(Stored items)

--- START ---

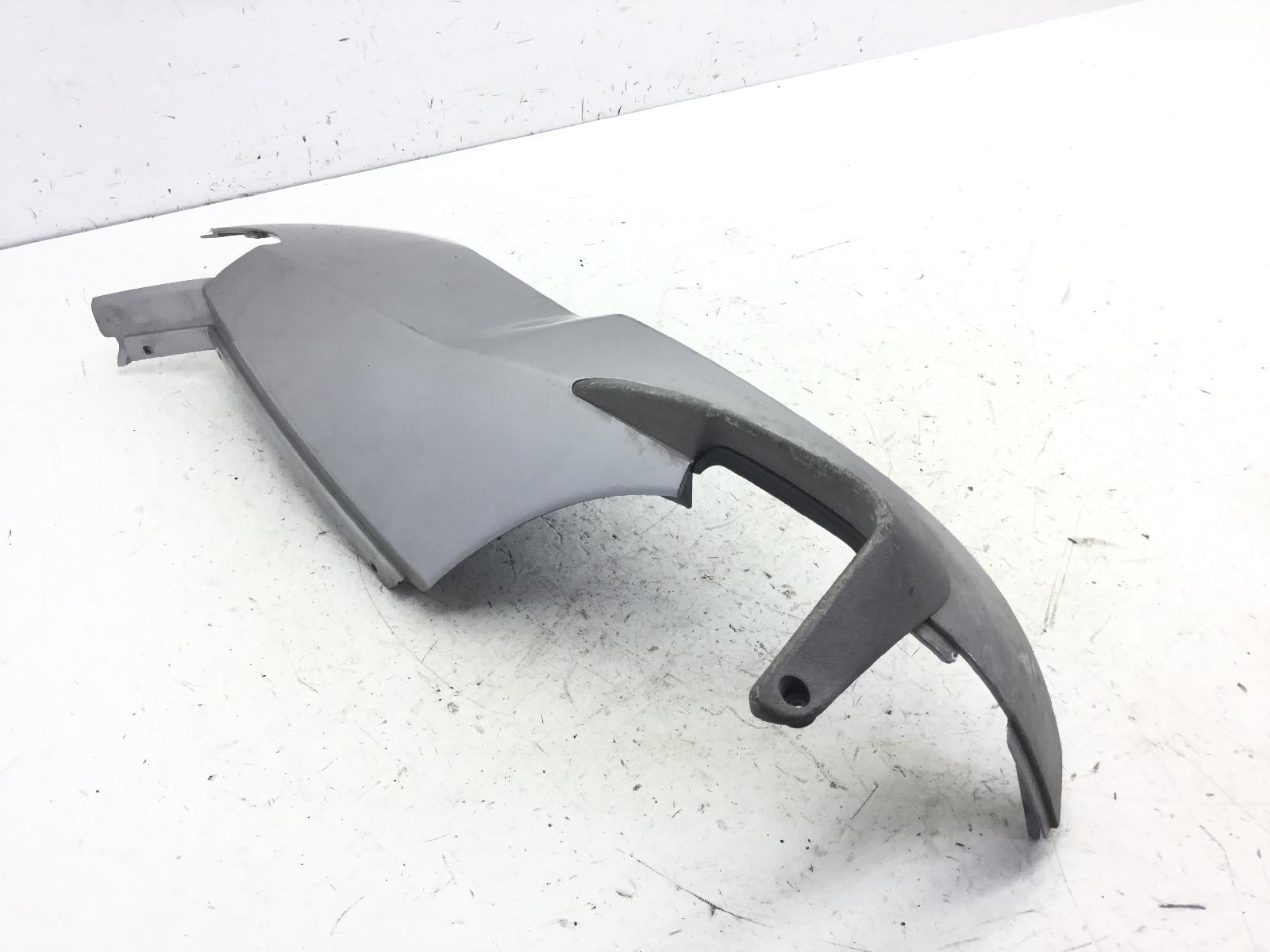 Aprilia scarabeo light 200 carena scudo anteriore destro - attacco rotto 2007 2007 rba00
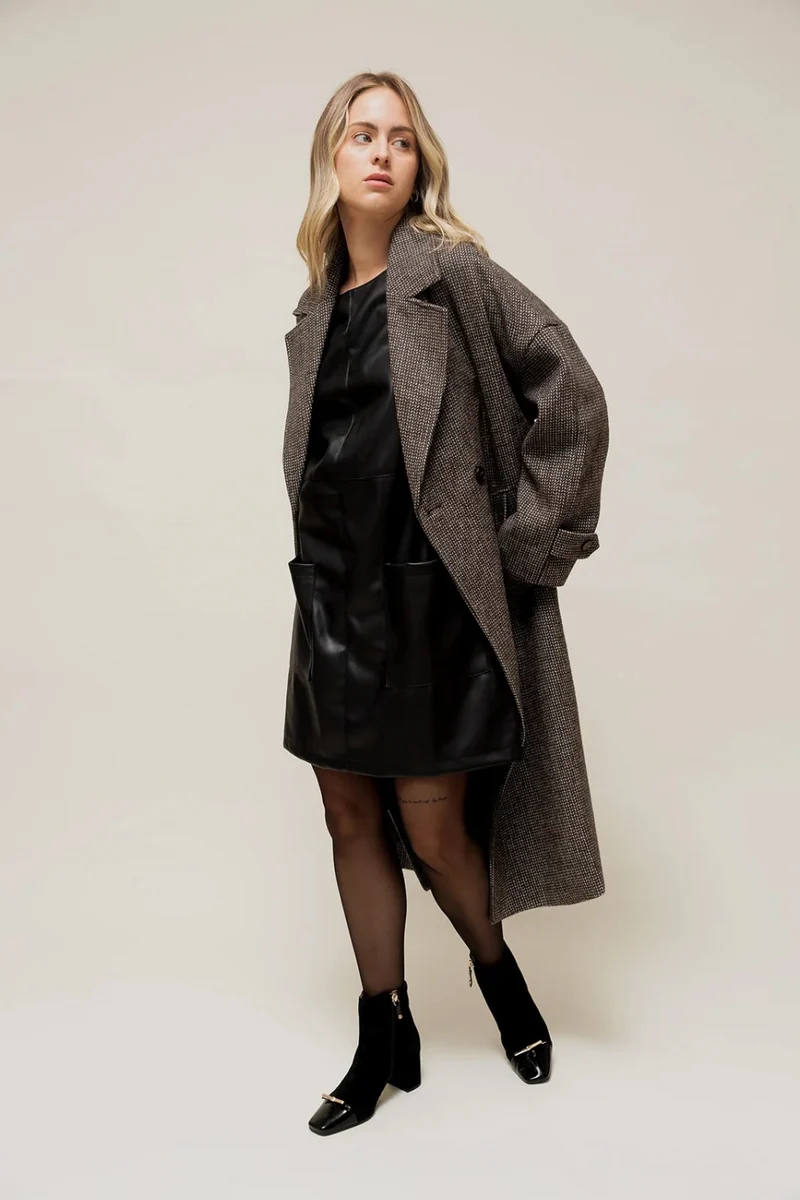 NORALY - Manteau Long Oversize en Chevron Gris à Double Boutonnage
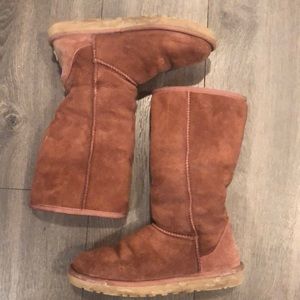 Ugg Plum Wine Tall Classic Boots, size 8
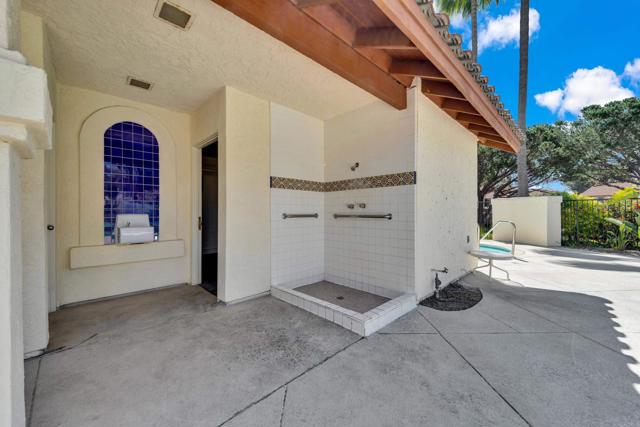 4040 Porte La Paz, San Diego CA: https://media.crmls.org/mediaz/bc615c5e-c6ab-489d-b0d1-235d36049d74.jpg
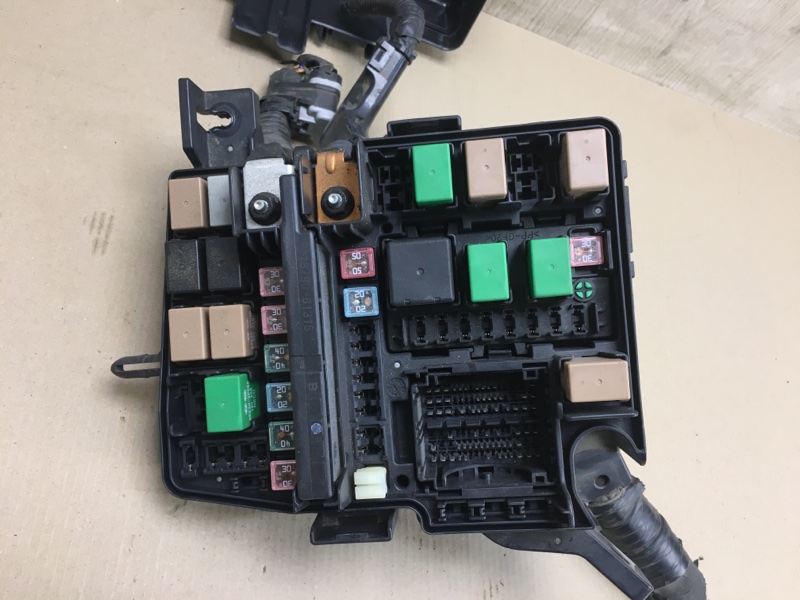 Блок предохранителей моторный отсек SONATA YF 10-14 2012 YF 2.4 G4KK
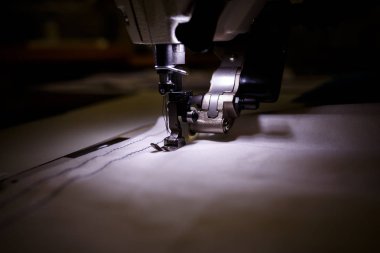 Renkli konu ve precis ile otomatik bir dikiş makinesi diker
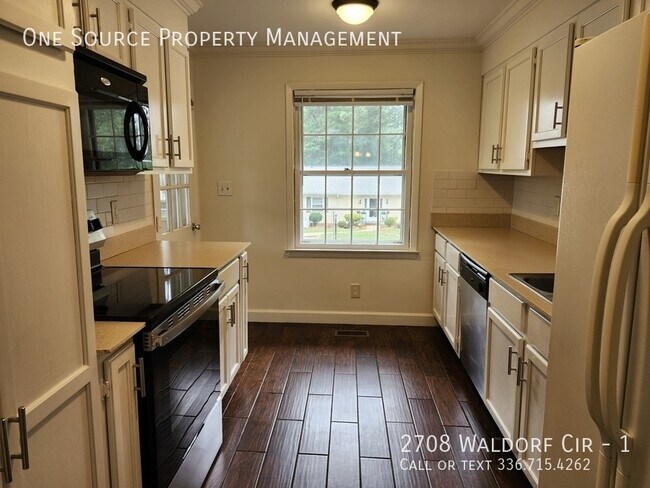 Building Photo - 2708 Waldorf Cir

--- END ---

Work instructions: The records above, minus their pictures, are to be returned word for word.

Response to this task:
 Aprilia scarabeo light 200 carena scudo anteriore destro - attacco rotto 2007 2007 rba00
 NORALY - Manteau Long Oversize en Chevron Gris à Double Boutonnage
 Ugg Plum Wine Tall Classic Boots, size 8
 4040 Porte La Paz, San Diego CA: https://media.crmls.org/mediaz/bc615c5e-c6ab-489d-b0d1-235d36049d74.jpg
 Блок предохранителей моторный отсек SONATA YF 10-14 2012 YF 2.4 G4KK
 Renkli konu ve precis ile otomatik bir dikiş makinesi diker
 Building Photo - 2708 Waldorf Cir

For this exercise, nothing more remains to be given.